Hi Community,

i have a question about building up a dimension. The basic problem is that i am building the dimension from csv files from an internet service that come in on a daily basis. So there is no real source system wich natural keys i could use for looking up.

I am using Kettle 5.2 Community Edition and the data looks like this:

date | domain | query | impression | klicks
20141216 | www.example.de | example | 12345 | 651

My plan was to build up a dim_date, dim_domain and dim_query and a fct_query. Before i started using kettle i've used a php skript that did the inserting into a mysql database.
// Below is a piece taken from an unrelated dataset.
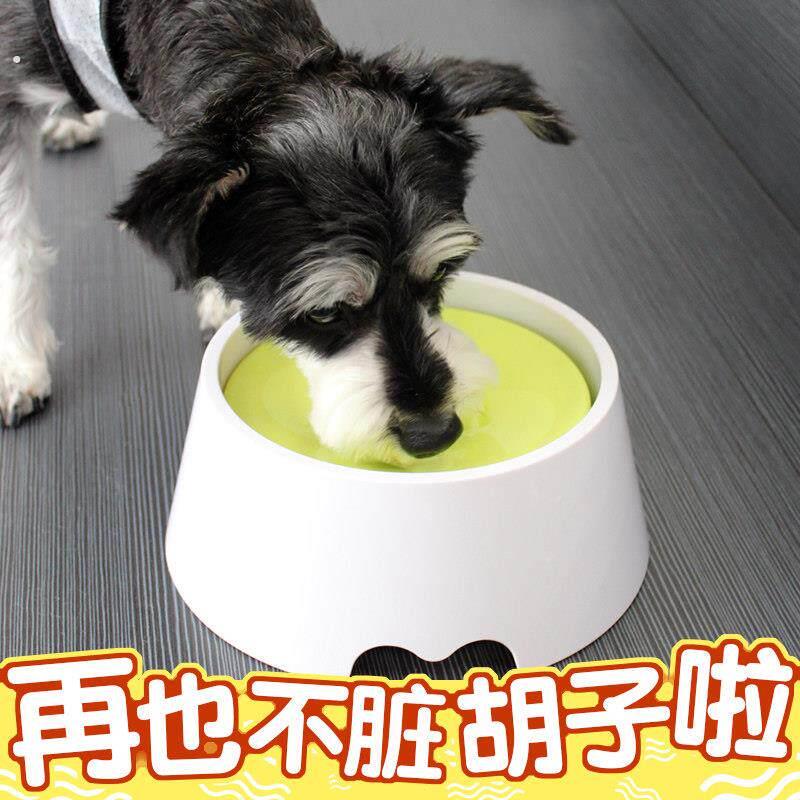 不湿嘴水碗不脏胡子碗狗喝水器水盆猫悬浮水碗喝水猫水盆宠物饮水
First i loaded the data into a staging table and used an sql query to load the domain and query tuples into the dimensions.

It was something like:
INSERT INTO dim_domain (dim_domain.domain)
SELECT DISTINCT stg_query.domain
FROM stg_query
WHERE NOT EXISTS (SELECT dim_domain.domain from dim_domain WHERE dim_domain.domain = stg_query.domain);

So i just used the string values for comparison because i don't have natural keys. If i am building up something similar with the dimension lookup step it is running very slow (3 r/s). I guess this is because i'm using the string value as lookup key. The query field will be something about 100.000 new distinct values every day, so 3 r/s is not an option.

So what could be a best practice for a scenario like this?

I hope you have some advice for me :-) thank u!